There are many studies on company's dividend policy. Everyone will pay attention to whether a company will pay dividends, how much and when will they pay dividends. Naturally, there are many theories in this regard. Many factors may affect a company's dividend policy, such as the stability of the company's earnings, the dividend policy of competitors, past dividend rates, and what information a new dividend policy will convey. In this article, we will focus on the message conveyed by the dividend policy.
People tend to think twice when they pay out. Likewise, the company's management will also be very serious in formulating dividend policies. Therefore, the company's dividend distribution will inevitably convey some information to us, such as the company's performance and the company's future development direction. In other words, aside from the money itself, we can dig out a lot of useful information from a company's dividends.
No company will fully disclose its operating conditions and financial information, and investors need to obtain this information from all possible channels. As a result, alert analysts and investors will actively read news about companies' dividends. Of course, the directors and managers of a company also know that dividends not only return to shareholders but also convey some information about the company to the outside world.
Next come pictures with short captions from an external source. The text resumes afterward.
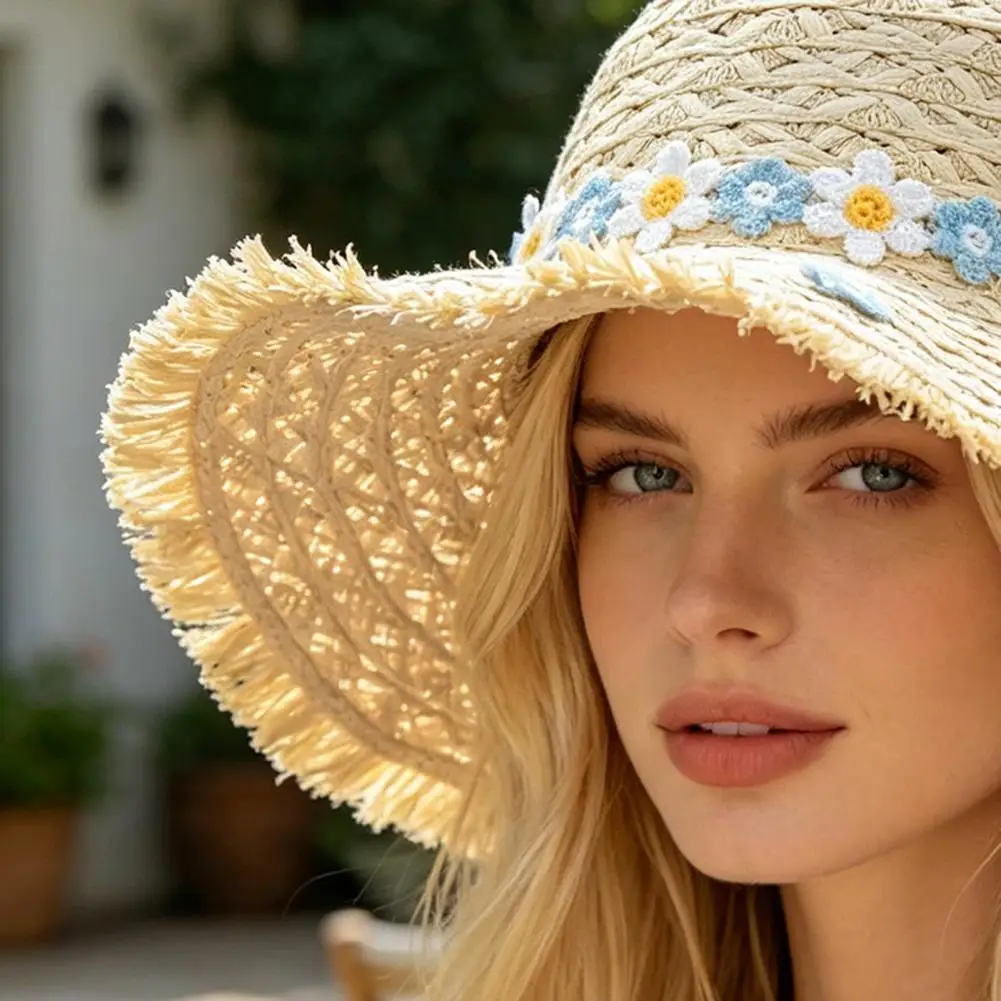 Lace Tie Sun Hat Versatile Beach Hat with Lace Tie Straw Sun Hat Featuring Windproof Flower Strap Lightweight Breathable Summer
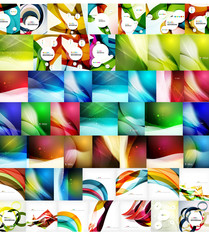 Geometric wave abstract backgrounds, vector mega collection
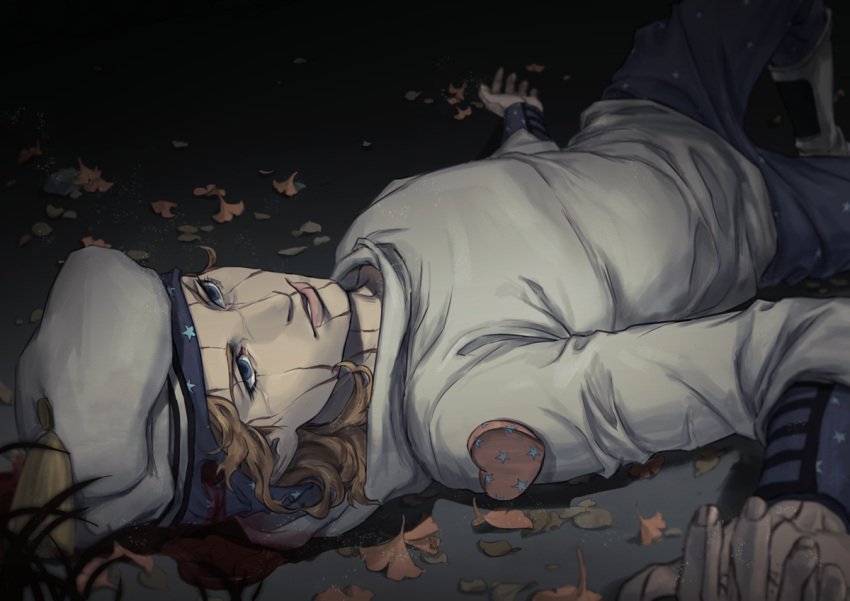 1boy, blonde_hair, blood, blue_eyes, boots, bullet_hole, death, empty_eyes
In 1985, Melton Miller and Kevin Locke carried out a groundbreaking study suggesting that we can infer a company's prospects from its dividend announcements. Dividend policies reflect a company's business philosophy and future profitability. Previous research has also shown that the volatility of a company's stock price is positively correlated with dividend claims.
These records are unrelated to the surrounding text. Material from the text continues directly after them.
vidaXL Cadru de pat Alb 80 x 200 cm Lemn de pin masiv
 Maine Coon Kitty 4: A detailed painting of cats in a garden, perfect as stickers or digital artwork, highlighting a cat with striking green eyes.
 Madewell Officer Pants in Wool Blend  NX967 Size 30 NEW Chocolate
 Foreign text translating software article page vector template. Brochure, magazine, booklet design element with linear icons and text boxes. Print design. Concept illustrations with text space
An article by Michel Hanlon et al. in 2006 proved that a company's dividend policy can indeed convey some information about a company's future earnings, which is also reflected in the stock price. For sure, the size of a company's dividend is as important as whether it is to distribute dividends. The amount of dividends distributed by different companies will be somewhat different. The direct purpose of many investors' shareholding is to ultimately obtain high dividend yields. Simply put, a company's dividend cut can be seen as bad news, and an increase is good news. However, the situation in reality is often much more complicated.
The current research results on dividend policy are complex and contradictory. Dividend policies vary widely across industries or sectors, both in theory and in practice. For example, one study showed that the dividend policy of commercial banks can be very different from that of manufacturing companies. This is because commercial banks implement unified supervision to ensure that banks have a certain amount of capital reserves, allowance for doubtful accounts and etc. These regulations are obviously bound to affect the company's dividend policy.
In addition to the company's profitability, we should also pay attention to the economic efficiency behind the company's profitability. There is empirical evidence that there is a positive relationship between a company's economic efficiency and its dividend level. Therefore, the dividend policies made by companies pursuing short-term profits and long-term profits will be very different.
Traditional theory holds that dividends should move in the same direction as earnings. But some studies have found that this logically plausible theory is not universally applicable. While this is a bit disappointing, when it comes to investment, nothing is ever 100% certain. However, just as we judge the direction of the market, dividends can also aid our investment decisions. Investors need to keep in mind that a company's dividend policy communicates something other than a cash return to shareholders. While we carefully analyze these news, we also need to make judgments based on the actual situation of the company and the information obtained from other channels.